In Hodges, the Tenth Circuit Court of Appeals affirmed the ruling of the district court that LINA failed to meet its burden to show it was entitled to deference in deciding who qualified as “Sales Personnel” and who did not under a group LTD policy issued to Endo Pharmaceuticals, Inc. The policy language did not give the Plan Administrator the authority to interpret the meaning of Sales Personnel yet LINA did so, depriving the claimant of thousands of dollars in benefits.
Lou Hodges was a cryotherapy technician for Endo Pharmaceuticals, Inc. (“Endo”) until he was forced to retire due to a degenerative eye condition in 2012. Hodges was insured under Endo’s group LTD insurance policy which was part of its ERISA Plan, administered by LINA. The Policy divided Endo’s employees into two classes: Class I employees included “all active, Full-time and part-time Employees of the Employer, excluding Sales Personnel, regularly working a minimum of 20 hours per week.” Class 2 employees included “all active, Full-time Employees of the Employer classified as Sales Personnel regularly working a minimum of 20 hours per week.”
The policy entitled all Class 1 and Class 2 employees to monthly LTD benefits of 60% of their average pre-disability earnings, but defined the earnings of Class 2 Sales Personnel far more broadly than non-Sales Personnel. The definition of earnings for all Class 2 Sales Personnel included payments “received from bonuses or target incentive compensation bonus[es].”

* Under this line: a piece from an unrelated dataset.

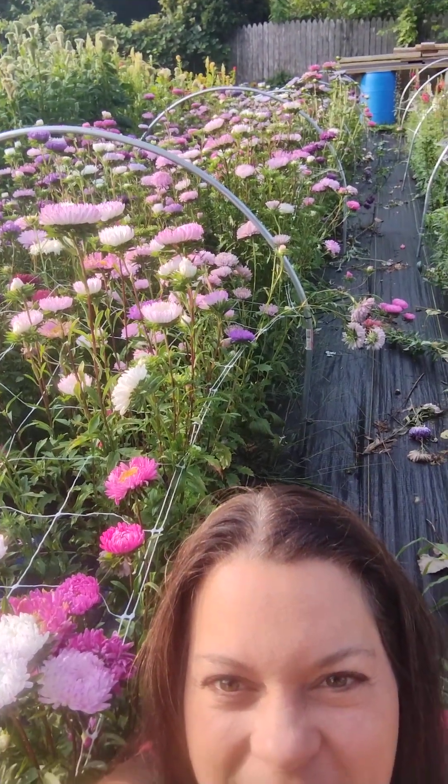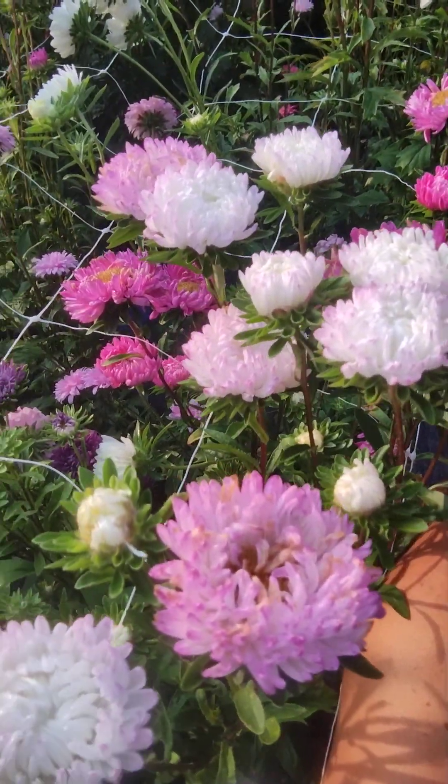I can show you my beautiful row of asters behind me — they are still blooming great, so pretty!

In evaluating Hodges’s claim for LTD benefits, although concluding he was medically eligible, LINA sought information on his job description and duties from both Hodges and his employer, Endo, to determine whether he qualified as Class 2 “Sales Personnel” for determining the level of benefits to which he was entitled. LINA informed Hodges his claim for benefits was approved but that they deemed him a Class 1 employee. This meant a much lower amount of benefits would be paid to Hodges because he would not be able to include his bonus and/or incentive compensation in LINA’s calculation of 60% of his pre-disability income.

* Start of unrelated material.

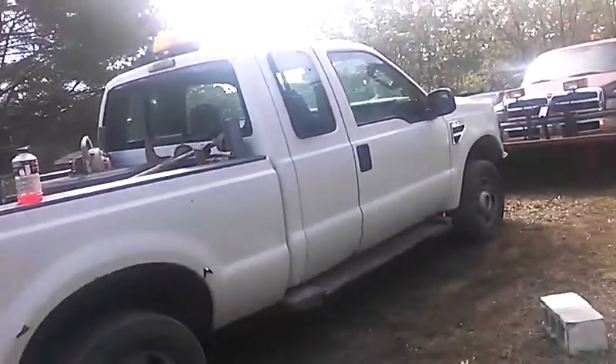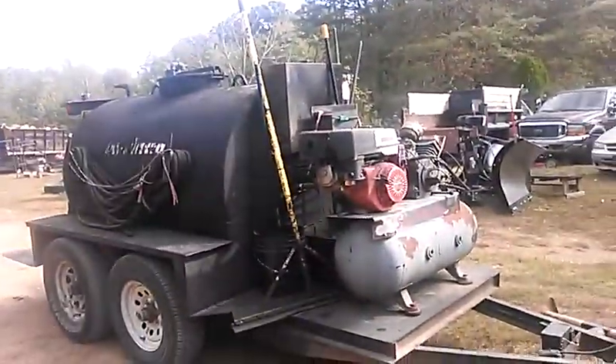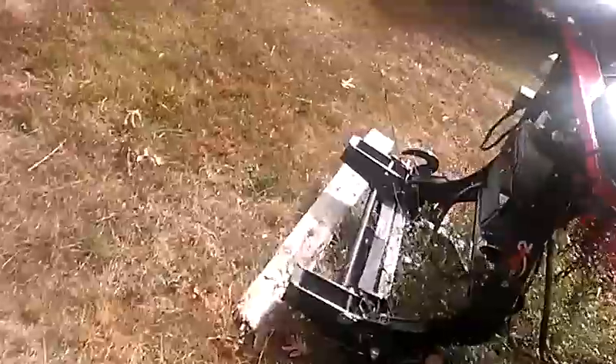2008 Ford F250, 6.8 liter Triton V10. Got the seal curtain tank hooked to it. We're gonna do a cold start — it's about 60 degrees right now and it got around 40 last night, so it's still cold. It hasn't been started all day. We'll do an exhaust video this time.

Hodges challenged LINA’s determination, appealing twice. After the denial of his second appeal, Hodges filed suit in the United States District Court for the District of Colorado. In February 2017, the district court concluded the policy failed to reserve LINA discretion to decide employee-classification questions and remanded the case for LINA to conduct further fact finding on Hodges’s employment classification. On remand, LINA again determined that Hodges was a Class 1 employee, relying upon a statement from Endo’s Senior Vice President and Associate General Counsel.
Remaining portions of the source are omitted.